→ **Exercise aim**
Take the records below and extract, word for word, the lines from the one containing "folding back some" through the final line, inclusive. Omit pictures.

Exercise inputs section start

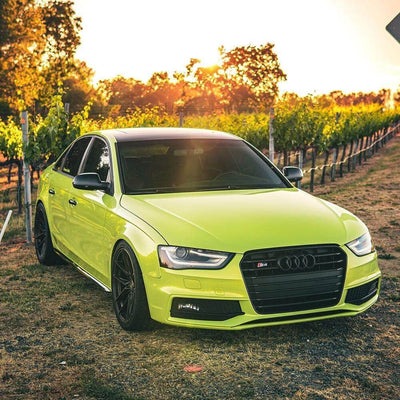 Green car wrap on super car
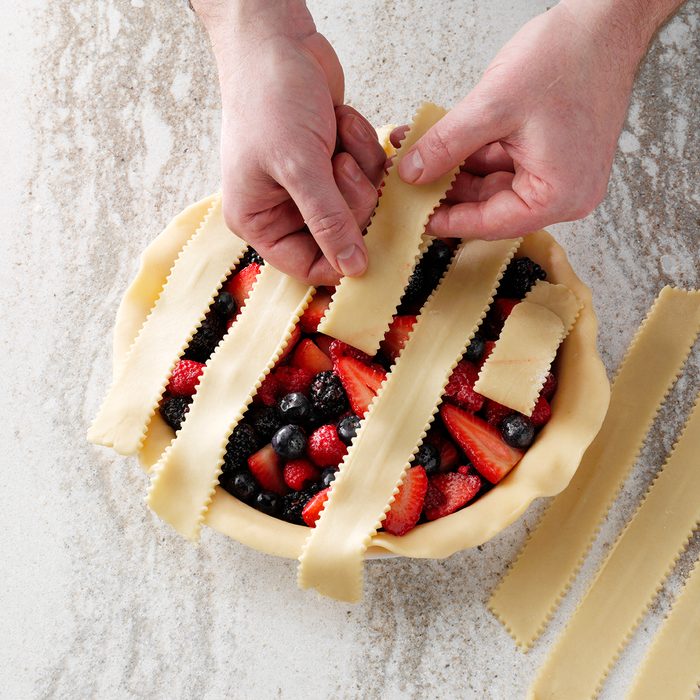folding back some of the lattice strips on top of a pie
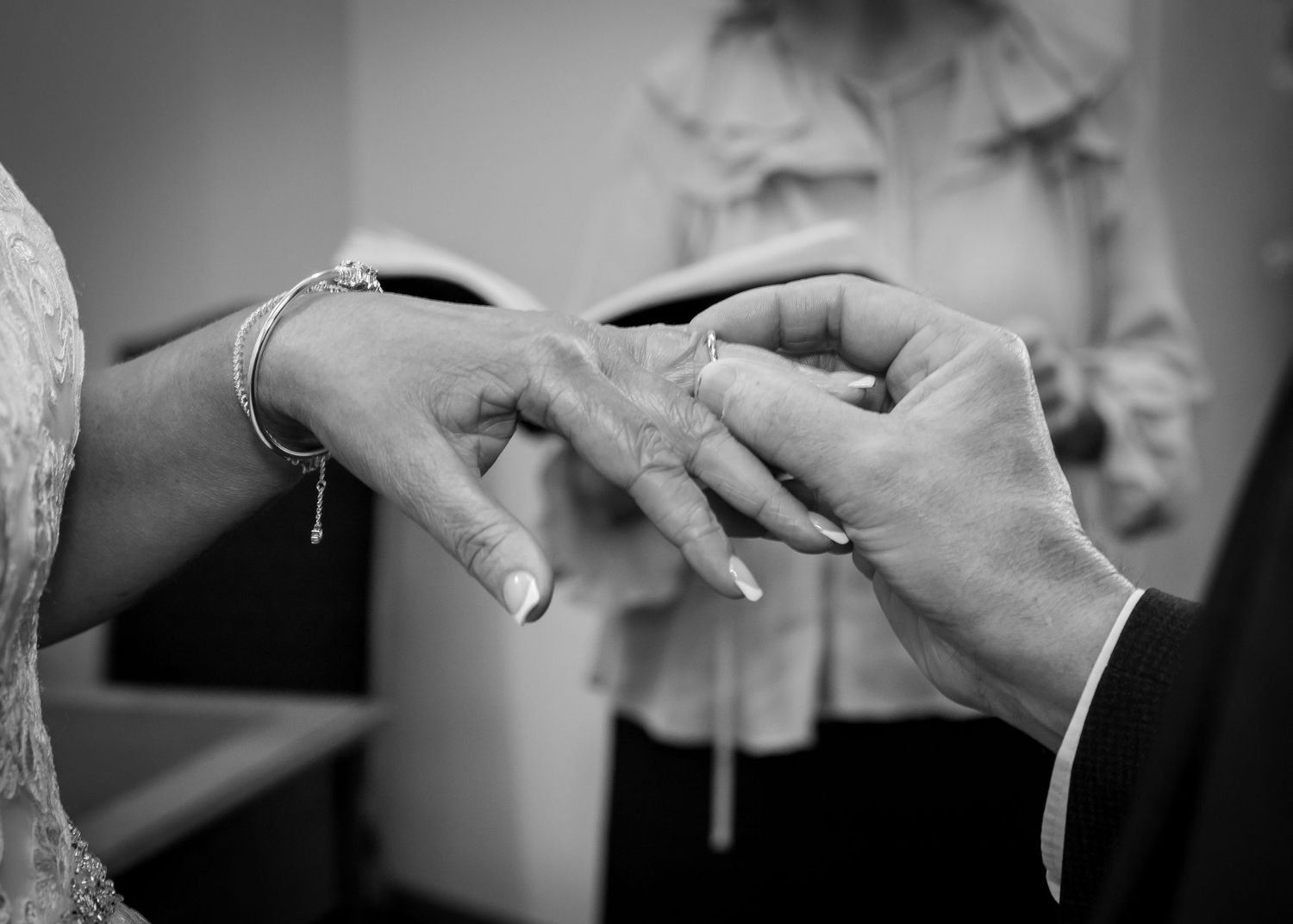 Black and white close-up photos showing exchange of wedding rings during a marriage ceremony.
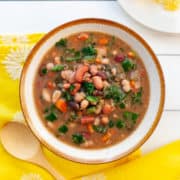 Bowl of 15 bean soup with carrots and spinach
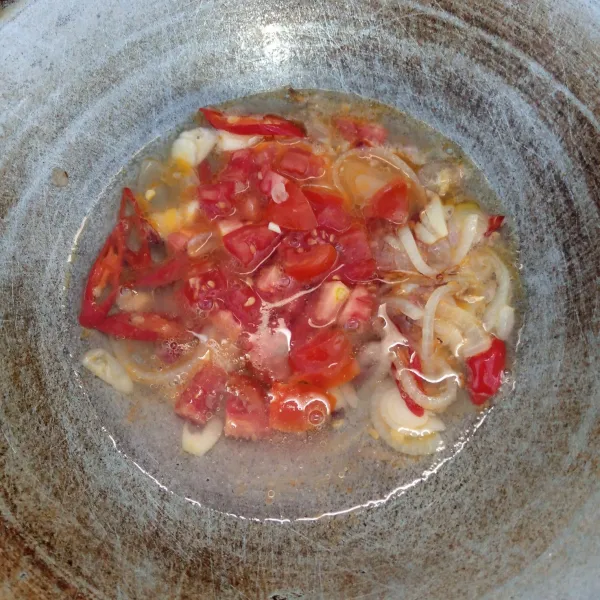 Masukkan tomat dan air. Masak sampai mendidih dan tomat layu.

Exercise inputs section end

→ **Task output**
folding back some of the lattice strips on top of a pie
 Black and white close-up photos showing exchange of wedding rings during a marriage ceremony.
 Bowl of 15 bean soup with carrots and spinach
 Masukkan tomat dan air. Masak sampai mendidih dan tomat layu.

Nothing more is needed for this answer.